A good day was achievable.
Grief dismantles that entirely, not because the grieving person becomes less capable, but because the energy required to remain upright is already extraordinary.
Getting out of bed when loss has made the body feel like stone is not a small act. It only looks small from the outside.
This is where most thinking about grief and work goes wrong. It asks the wrong question. It asks whether you should be working, as though there is a correct answer, a virtuous response that applies evenly across all forms of loss and all kinds of people.
There is not.
Some people survive grief by keeping structure. Work becomes the rope they grip in dark water, not because it heals anything, but because it gives the hands occupation while the interior slowly processes what it cannot yet name.
Others need the opposite: a complete stop, space without agenda, the quiet courage to sit with feeling rather than schedule around it.
Both can be care. The question is not which response is more ethical, but whether the approach you are choosing is actually serving you, or just performing what you think grief is supposed to look like.
The distinction matters more than it sounds.
Working through grief while telling yourself you are fine is a different act from working through grief while knowing you are shattered, but choosing, for now, this particular way of being shattered. The first is a small lie told often enough to become a habit. The second is a kind of honesty that takes real effort to maintain.
In Manchester by the Sea, Lee Chandler never claims work has repaired him.
He is a destroyed person who keeps showing up to fix strangers’ boilers because that is what he knows how to do. He is not performing recovery but holds no hope of it. He is simply existing in the only form available to him. There is something more dignified in that bare continuity than in any performance of healing.
Adam Phillips writes about the difficulty of tolerating your own helplessness.
Grief tests this with particular precision. It forces you into a condition where the usual tools like effort, planning, and forward movement become inadequate, and what remains is closer to bare endurance.
The person who judges how another grieves has usually not yet learned that endurance has its language, and it does not always look like rest.
The honest question is not whether you are working or not working. It is whether you know why.

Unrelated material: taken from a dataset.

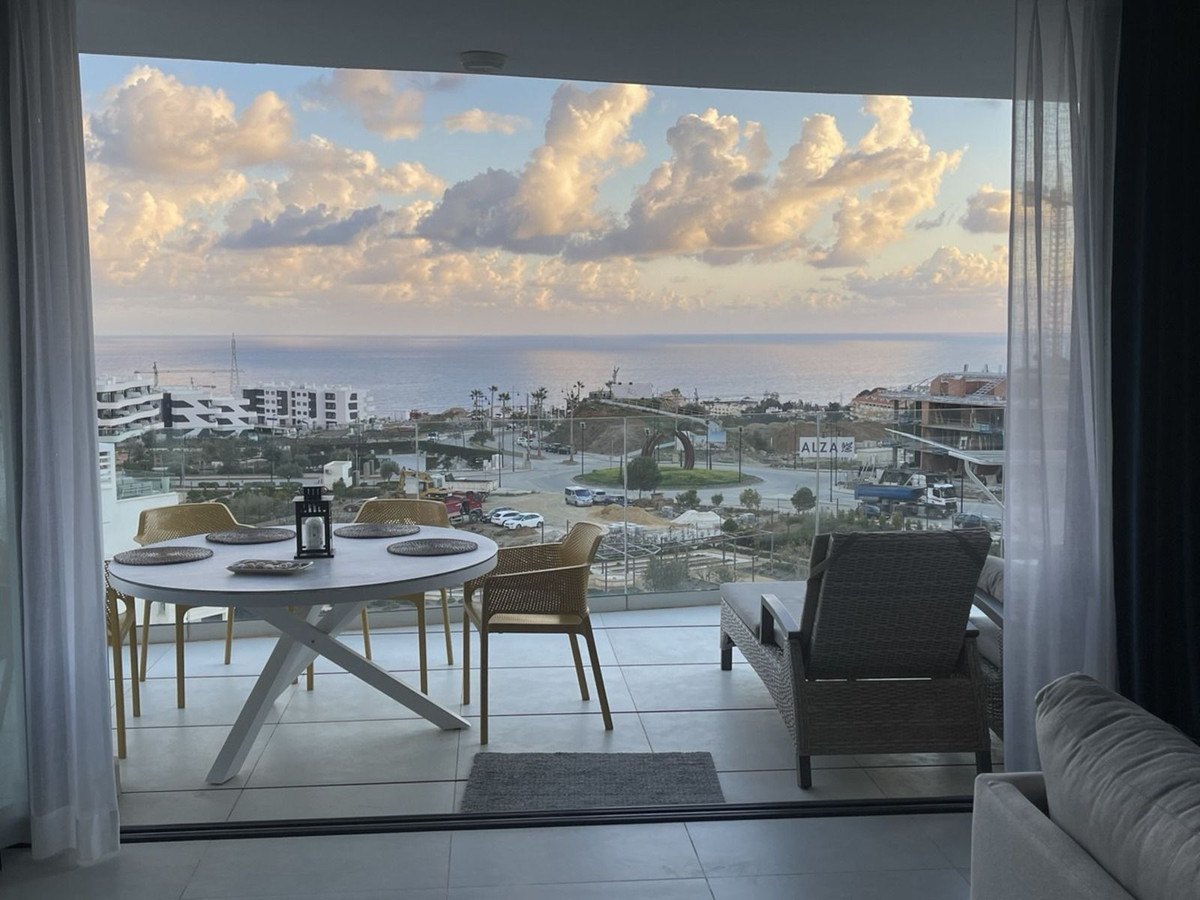 Lunch on the terrace, the sea and the clouds beyond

If work is giving you structure because structure is what keeps you present right now, then work without apology or the obligation to justify it to people who have not been where you are.

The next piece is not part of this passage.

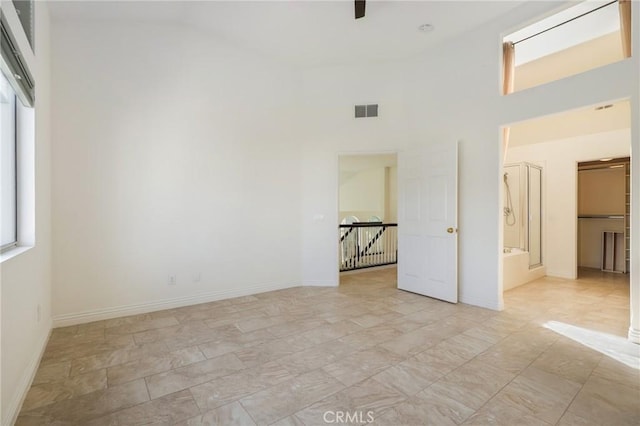 5527 Patricia Way, Yorba Linda, CA 92887 - spare room with high vaulted ceiling and baseboards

If you are filling every hour to avoid the weight of what happened, that is worth noticing, not because avoidance is immoral, but because suppression tends to find its own moment eventually, and the longer it waits, the less convenient the timing.
You do not owe anyone a particular shape of mourning, but you owe yourself honesty about what you are actually doing and why you are doing it.
Labor through the dark if that is what keeps you present. Rest in it if that is what you need. Both can be the right choice. Both become the wrong one the moment you stop being truthful about the reason.
Everything else is other people’s theories about a country they have not yet visited.